Crawled caption data:
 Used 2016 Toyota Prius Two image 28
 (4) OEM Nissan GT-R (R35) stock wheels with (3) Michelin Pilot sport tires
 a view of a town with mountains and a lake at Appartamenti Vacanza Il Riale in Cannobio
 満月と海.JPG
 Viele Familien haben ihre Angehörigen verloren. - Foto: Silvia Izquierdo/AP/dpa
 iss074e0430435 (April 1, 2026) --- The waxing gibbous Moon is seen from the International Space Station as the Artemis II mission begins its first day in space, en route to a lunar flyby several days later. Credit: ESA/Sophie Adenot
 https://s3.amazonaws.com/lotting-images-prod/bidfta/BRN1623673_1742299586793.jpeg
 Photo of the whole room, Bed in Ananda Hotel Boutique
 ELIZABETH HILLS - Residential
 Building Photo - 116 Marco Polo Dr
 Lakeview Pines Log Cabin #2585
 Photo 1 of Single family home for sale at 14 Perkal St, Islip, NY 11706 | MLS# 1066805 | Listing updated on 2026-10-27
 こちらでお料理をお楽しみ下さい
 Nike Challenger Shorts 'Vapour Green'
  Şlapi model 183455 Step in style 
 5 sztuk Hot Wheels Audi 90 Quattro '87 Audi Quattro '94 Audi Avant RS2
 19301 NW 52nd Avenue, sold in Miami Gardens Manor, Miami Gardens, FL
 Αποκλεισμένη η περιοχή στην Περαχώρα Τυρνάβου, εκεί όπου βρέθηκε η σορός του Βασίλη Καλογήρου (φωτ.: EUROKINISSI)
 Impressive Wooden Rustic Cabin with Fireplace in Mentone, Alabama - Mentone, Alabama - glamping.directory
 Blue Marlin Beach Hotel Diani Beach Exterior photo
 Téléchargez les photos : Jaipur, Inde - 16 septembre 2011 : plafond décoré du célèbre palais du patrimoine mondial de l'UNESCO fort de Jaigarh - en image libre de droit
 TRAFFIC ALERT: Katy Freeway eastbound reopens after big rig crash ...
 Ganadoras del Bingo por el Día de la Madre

→ WORK REQUEST:
A single figure is expected: the count of lines in the data above that include the word "Hotel".

→ RESPONSE:
2